The Star Formation History of the Local Group Dwarf Galaxy Leo I

Abstract

We present a quantitative analysis of the star formation history (SFH) of the Local Group dSph galaxy Leo I, from the information in its Hubble Space Telescope [(V-I), I] color-magnitude diagram (CMD). It reaches the level of the oldest main-sequence turnoffs, and this allows us to retrieve the SFH in considerable detail. The method we use is based on comparing, via synthetic CMDs, the expected distribution of stars in the CMD for different evolutionary scenarios with the observed distribution. We consider the SFH to be composed by the SFR(t), the chemical enrichment law Z(t), the initial mass function (IMF), and a function β(f, q) controlling the fraction f and mass ratio distribution q of binary stars. We analyze a set of 50 combinations of four Z(t), three IMFs, and more than four β(f, q). For each of them, the best SFR(t) is searched for among 6 × 10⁷ models. The comparison between the observed CMD and the model CMDs is done through χ minimization of the differences in the number of stars in a set of regions of the CMD, chosen to sample stars of different ages or in specific stellar evolutionary phases. We empirically determine the range of χ values that indicate acceptable models for our set of data using tests with models with known SFHs. Our solution for the SFH of Leo I defines a minimum of χ in a well-defined position of the parameter space, and the derived SFR(t) is robust, in the sense that its main characteristics are unchanged for different combinations of the remaining parameters.
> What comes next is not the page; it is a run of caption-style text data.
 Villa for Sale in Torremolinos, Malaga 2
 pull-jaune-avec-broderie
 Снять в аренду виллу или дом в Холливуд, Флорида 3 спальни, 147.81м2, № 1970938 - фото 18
However, only a narrow range of assumptions for Z(t), IMF, and β(f, q) result in a good agreement between the data and the models, namely, Z = 0.0004, a IMF Kroupa et al. or slightly steeper, and a relatively large fraction of binary stars, with f = 0.3–0.6, q > 0.6, and an approximately flat IMF for the secondaries, or particular combinations of these parameters that would produce a like fraction of similar mass binaries. Most star formation activity (70% to 80%) occurred between 7 and 1 Gyr ago. At 1 Gyr ago, it abruptly dropped to a negligible value, but seems to have been active until at least 300 million years ago. Our results do not unambiguously answer the question of whether Leo I began forming stars around 15 Gyr ago, but it appears that the amount of this star formation, if it existed at all, would be small.